BEGIN

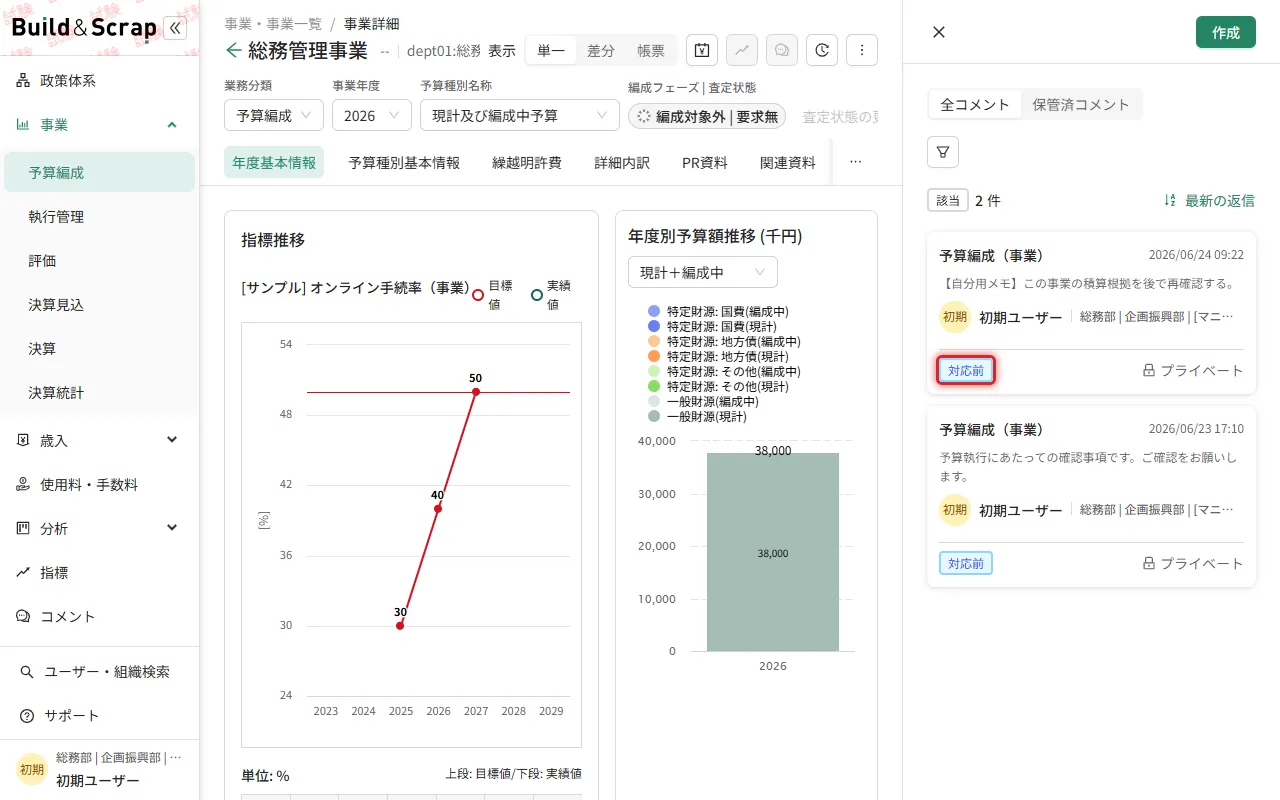 一覧で「要対応」が分かる箇所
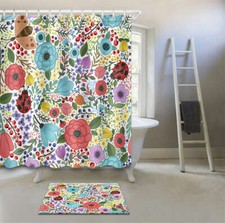 Blue Horn Waterproof Bathroom Polyester Shower Curtain Liner Water Resistant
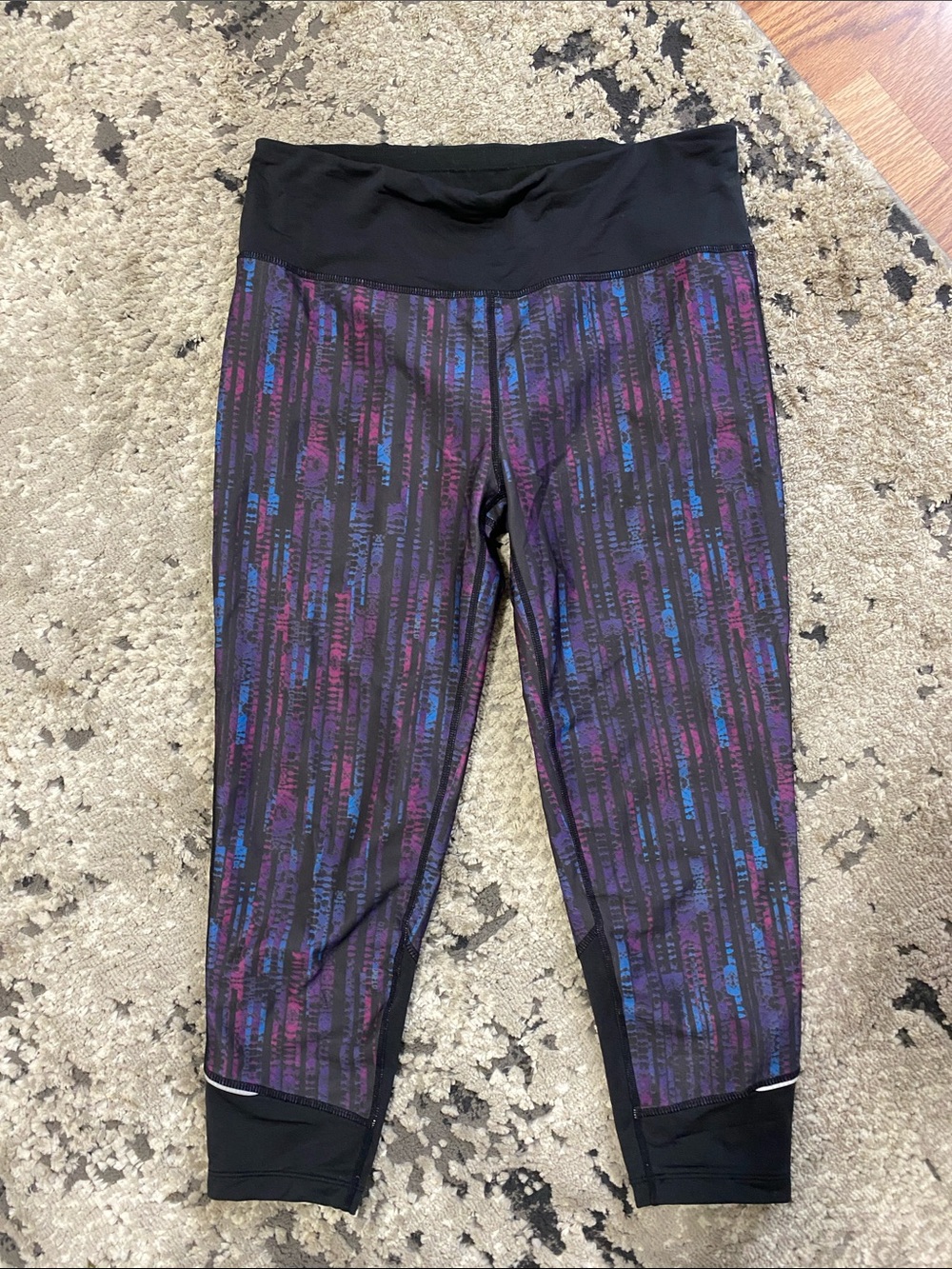 Prana Black/ Purple & Blue Patterned Capri Leggings
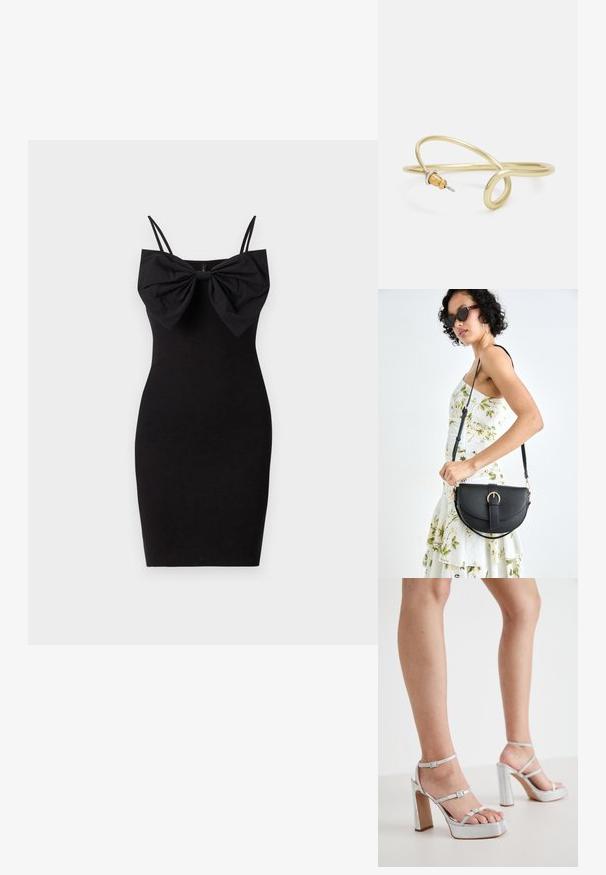 Črna obleka s pridihom, ki ima velik lok na ovratniku, tanjšimi nastavljivimi naramnicami in gladkim, raztegnjenim tekstilnim teksturo.; Srebrne sandale s visokimi petami na platformi z gležnjastimi trakovi, teksturiran material, široka blok petka in nastavljive zaponke.; Črna usnjena torbica s ukrivljeno obliko, z odstranljivo naramnico in zlatimi dodatki. Torbica ima pokrov s podrobnostmi v obliki zaponke.; Zlato obarvan kovinski zapestnica s tekočim, ukrivljenim dizajnom. Ima majhen, izstopajoč srebrn poudarek na enem koncu.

END

For this exercise, reproduce the data above exactly from the line containing "Prana Black/ Purple" through its final line, both ends included, with no pictures in the copy.

 Prana Black/ Purple & Blue Patterned Capri Leggings
 Črna obleka s pridihom, ki ima velik lok na ovratniku, tanjšimi nastavljivimi naramnicami in gladkim, raztegnjenim tekstilnim teksturo.; Srebrne sandale s visokimi petami na platformi z gležnjastimi trakovi, teksturiran material, široka blok petka in nastavljive zaponke.; Črna usnjena torbica s ukrivljeno obliko, z odstranljivo naramnico in zlatimi dodatki. Torbica ima pokrov s podrobnostmi v obliki zaponke.; Zlato obarvan kovinski zapestnica s tekočim, ukrivljenim dizajnom. Ima majhen, izstopajoč srebrn poudarek na enem koncu.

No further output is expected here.